Exercise details »
Copy exactly the lines of the records below, and only those lines, beginning with the line that contains "2008 Nike Dunk" and ending with the line that contains "Contigo 20oz Shake".

Study material »
*** Begin section ***

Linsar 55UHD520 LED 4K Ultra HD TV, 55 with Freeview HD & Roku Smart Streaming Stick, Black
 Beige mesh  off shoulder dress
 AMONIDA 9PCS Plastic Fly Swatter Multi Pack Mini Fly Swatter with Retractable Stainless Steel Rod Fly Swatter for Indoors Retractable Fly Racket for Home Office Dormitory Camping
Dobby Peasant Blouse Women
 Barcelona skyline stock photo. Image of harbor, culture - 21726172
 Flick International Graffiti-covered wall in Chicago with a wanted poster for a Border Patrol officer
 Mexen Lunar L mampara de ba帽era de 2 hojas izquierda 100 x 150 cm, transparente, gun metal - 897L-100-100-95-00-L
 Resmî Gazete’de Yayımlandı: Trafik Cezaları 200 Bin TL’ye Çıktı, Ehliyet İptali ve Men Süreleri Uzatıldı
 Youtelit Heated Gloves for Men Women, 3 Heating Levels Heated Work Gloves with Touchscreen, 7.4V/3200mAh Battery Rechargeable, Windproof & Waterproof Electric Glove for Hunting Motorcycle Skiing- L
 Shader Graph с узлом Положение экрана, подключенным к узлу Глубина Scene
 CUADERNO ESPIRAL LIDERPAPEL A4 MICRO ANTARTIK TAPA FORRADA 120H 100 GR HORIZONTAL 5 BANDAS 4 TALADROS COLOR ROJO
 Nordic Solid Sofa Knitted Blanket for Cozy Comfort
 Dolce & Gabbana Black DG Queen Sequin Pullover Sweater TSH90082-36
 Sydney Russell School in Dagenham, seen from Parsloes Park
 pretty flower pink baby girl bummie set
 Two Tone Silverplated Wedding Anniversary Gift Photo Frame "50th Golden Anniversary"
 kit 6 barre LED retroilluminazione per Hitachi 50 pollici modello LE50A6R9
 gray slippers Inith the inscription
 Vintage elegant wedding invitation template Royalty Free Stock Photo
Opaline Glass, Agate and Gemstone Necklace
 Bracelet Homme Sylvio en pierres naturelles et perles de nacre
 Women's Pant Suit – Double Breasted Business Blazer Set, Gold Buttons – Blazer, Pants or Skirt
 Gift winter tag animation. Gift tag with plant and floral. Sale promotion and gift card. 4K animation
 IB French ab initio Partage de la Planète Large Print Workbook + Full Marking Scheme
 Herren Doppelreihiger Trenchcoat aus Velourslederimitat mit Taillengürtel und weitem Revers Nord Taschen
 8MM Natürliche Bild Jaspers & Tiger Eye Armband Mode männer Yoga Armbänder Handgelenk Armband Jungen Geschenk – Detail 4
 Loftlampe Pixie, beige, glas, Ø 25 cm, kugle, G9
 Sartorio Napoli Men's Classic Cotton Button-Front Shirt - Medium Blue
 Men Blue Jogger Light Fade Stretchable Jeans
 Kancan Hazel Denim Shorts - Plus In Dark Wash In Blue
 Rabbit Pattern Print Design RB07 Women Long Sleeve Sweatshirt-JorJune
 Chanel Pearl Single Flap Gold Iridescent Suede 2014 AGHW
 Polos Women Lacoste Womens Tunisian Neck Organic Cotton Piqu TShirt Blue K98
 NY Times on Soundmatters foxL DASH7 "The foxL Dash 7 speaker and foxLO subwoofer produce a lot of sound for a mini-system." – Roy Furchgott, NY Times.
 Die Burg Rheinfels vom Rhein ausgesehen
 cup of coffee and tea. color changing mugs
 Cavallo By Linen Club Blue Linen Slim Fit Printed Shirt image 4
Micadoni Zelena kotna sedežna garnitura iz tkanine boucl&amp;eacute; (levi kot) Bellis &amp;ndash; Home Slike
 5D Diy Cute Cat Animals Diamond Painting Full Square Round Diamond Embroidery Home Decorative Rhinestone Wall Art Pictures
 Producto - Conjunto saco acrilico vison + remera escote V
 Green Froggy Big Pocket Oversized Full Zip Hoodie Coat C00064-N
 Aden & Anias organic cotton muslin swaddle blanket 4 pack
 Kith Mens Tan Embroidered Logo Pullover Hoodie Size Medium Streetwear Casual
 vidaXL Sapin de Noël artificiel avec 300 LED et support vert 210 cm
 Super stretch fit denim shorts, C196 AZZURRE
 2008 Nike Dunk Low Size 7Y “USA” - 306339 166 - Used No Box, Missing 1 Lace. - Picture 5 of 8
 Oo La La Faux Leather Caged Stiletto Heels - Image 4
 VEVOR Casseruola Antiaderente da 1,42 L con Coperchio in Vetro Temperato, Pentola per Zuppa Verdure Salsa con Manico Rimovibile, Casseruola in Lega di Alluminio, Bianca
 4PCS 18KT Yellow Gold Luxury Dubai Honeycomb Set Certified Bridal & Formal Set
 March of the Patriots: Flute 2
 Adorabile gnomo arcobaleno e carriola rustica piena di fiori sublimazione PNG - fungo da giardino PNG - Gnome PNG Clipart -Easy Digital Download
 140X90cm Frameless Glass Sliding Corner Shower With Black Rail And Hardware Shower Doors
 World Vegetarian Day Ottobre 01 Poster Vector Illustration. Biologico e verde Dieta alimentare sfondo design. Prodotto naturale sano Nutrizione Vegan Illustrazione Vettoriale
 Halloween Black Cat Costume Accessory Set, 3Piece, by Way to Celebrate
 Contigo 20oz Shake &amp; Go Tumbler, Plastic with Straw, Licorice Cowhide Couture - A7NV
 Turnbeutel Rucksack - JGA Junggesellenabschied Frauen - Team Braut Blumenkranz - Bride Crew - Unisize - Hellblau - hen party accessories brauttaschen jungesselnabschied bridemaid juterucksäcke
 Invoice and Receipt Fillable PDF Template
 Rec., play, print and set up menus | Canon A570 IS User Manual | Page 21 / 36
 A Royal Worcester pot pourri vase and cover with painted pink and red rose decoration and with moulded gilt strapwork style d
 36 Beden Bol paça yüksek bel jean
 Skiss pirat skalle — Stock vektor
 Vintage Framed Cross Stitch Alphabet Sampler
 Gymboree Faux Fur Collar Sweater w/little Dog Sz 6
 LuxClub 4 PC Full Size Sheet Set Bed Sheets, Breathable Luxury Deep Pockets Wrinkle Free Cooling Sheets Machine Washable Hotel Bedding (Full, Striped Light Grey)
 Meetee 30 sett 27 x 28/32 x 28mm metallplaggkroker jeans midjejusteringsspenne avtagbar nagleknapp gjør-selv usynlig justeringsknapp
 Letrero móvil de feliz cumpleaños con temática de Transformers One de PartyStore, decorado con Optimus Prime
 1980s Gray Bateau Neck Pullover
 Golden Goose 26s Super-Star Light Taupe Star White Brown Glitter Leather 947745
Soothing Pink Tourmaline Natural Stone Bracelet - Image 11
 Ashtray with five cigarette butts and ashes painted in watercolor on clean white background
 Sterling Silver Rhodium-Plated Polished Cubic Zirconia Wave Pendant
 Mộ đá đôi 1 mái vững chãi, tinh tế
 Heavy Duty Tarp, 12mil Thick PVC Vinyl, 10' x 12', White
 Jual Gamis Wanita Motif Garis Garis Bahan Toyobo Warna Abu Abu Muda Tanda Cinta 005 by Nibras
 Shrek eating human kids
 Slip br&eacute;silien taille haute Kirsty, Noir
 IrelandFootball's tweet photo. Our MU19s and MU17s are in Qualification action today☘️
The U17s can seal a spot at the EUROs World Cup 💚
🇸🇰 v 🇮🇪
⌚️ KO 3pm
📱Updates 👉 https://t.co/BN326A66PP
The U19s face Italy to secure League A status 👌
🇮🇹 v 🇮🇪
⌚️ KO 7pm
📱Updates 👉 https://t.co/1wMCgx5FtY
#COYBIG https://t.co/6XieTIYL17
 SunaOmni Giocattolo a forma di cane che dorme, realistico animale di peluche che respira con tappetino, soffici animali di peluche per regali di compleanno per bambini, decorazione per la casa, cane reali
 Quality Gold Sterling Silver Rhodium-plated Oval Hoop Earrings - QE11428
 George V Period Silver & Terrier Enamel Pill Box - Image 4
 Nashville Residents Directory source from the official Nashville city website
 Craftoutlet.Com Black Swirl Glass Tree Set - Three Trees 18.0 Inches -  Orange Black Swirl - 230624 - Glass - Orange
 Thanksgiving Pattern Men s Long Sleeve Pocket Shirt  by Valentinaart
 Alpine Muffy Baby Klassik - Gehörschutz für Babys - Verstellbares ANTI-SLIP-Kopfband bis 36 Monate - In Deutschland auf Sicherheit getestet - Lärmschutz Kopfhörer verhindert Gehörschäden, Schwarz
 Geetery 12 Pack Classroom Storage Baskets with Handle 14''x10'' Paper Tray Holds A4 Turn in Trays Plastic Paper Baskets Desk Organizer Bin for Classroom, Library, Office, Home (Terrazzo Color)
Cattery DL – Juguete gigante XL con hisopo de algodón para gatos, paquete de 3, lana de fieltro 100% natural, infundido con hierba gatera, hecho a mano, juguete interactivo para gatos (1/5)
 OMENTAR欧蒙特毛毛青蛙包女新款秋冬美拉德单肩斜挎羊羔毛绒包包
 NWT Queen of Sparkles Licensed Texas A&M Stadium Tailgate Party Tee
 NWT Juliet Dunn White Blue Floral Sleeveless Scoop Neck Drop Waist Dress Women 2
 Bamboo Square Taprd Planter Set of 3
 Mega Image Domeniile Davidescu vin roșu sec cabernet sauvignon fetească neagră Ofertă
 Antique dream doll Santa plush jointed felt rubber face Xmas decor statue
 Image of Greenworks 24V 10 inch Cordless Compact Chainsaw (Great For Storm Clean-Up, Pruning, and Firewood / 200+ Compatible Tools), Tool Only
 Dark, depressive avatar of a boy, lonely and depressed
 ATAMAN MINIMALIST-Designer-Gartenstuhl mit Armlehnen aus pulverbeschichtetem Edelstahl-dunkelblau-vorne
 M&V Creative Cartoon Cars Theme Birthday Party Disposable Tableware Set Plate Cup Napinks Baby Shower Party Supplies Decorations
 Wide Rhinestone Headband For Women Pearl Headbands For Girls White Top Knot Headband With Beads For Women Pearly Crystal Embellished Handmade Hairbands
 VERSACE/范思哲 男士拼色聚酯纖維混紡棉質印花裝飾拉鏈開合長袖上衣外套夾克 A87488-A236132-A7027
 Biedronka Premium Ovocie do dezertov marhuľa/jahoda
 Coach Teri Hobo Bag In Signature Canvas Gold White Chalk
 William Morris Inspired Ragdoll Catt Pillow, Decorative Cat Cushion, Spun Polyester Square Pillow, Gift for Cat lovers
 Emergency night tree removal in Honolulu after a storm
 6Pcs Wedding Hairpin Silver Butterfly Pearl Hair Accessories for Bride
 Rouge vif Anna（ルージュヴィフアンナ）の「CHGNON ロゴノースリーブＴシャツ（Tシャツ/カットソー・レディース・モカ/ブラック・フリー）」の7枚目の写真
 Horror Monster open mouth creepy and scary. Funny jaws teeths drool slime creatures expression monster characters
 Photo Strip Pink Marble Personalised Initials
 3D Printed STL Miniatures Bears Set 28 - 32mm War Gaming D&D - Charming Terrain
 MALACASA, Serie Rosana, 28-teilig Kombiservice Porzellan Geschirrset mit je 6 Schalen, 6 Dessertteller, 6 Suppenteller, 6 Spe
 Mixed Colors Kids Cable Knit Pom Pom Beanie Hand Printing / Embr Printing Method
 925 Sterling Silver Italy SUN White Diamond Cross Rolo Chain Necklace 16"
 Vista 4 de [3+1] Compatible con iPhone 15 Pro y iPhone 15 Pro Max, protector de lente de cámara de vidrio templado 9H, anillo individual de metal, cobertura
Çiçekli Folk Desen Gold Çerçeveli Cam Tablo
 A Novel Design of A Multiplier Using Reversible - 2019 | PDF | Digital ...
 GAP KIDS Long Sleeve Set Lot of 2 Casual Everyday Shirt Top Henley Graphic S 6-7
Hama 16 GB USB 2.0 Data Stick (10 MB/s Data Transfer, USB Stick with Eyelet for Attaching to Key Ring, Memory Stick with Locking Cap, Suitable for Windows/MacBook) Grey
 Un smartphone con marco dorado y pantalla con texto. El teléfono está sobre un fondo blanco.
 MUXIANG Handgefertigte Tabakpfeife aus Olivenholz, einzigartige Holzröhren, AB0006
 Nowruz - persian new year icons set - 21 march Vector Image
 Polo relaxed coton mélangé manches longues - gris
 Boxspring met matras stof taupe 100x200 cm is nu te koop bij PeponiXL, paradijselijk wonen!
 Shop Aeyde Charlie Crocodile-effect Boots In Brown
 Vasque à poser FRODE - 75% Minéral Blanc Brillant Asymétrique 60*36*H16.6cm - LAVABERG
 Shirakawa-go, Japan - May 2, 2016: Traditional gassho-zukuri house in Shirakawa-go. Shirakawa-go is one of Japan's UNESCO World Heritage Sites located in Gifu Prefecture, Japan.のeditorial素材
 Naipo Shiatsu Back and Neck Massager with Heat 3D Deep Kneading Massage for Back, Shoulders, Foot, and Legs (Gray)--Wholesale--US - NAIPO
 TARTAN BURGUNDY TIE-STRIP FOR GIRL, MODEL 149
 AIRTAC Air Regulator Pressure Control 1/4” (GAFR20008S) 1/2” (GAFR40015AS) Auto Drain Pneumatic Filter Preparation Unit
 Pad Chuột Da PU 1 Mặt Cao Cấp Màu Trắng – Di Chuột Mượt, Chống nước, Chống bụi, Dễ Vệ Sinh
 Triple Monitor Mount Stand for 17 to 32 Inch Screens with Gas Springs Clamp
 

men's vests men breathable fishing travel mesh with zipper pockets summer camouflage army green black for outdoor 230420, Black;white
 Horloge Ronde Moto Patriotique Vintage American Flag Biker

*** End section ***

Output for this task »
 2008 Nike Dunk Low Size 7Y “USA” - 306339 166 - Used No Box, Missing 1 Lace. - Picture 5 of 8
 Oo La La Faux Leather Caged Stiletto Heels - Image 4
 VEVOR Casseruola Antiaderente da 1,42 L con Coperchio in Vetro Temperato, Pentola per Zuppa Verdure Salsa con Manico Rimovibile, Casseruola in Lega di Alluminio, Bianca
 4PCS 18KT Yellow Gold Luxury Dubai Honeycomb Set Certified Bridal & Formal Set
 March of the Patriots: Flute 2
 Adorabile gnomo arcobaleno e carriola rustica piena di fiori sublimazione PNG - fungo da giardino PNG - Gnome PNG Clipart -Easy Digital Download
 140X90cm Frameless Glass Sliding Corner Shower With Black Rail And Hardware Shower Doors
 World Vegetarian Day Ottobre 01 Poster Vector Illustration. Biologico e verde Dieta alimentare sfondo design. Prodotto naturale sano Nutrizione Vegan Illustrazione Vettoriale
 Halloween Black Cat Costume Accessory Set, 3Piece, by Way to Celebrate
 Contigo 20oz Shake &amp; Go Tumbler, Plastic with Straw, Licorice Cowhide Couture - A7NV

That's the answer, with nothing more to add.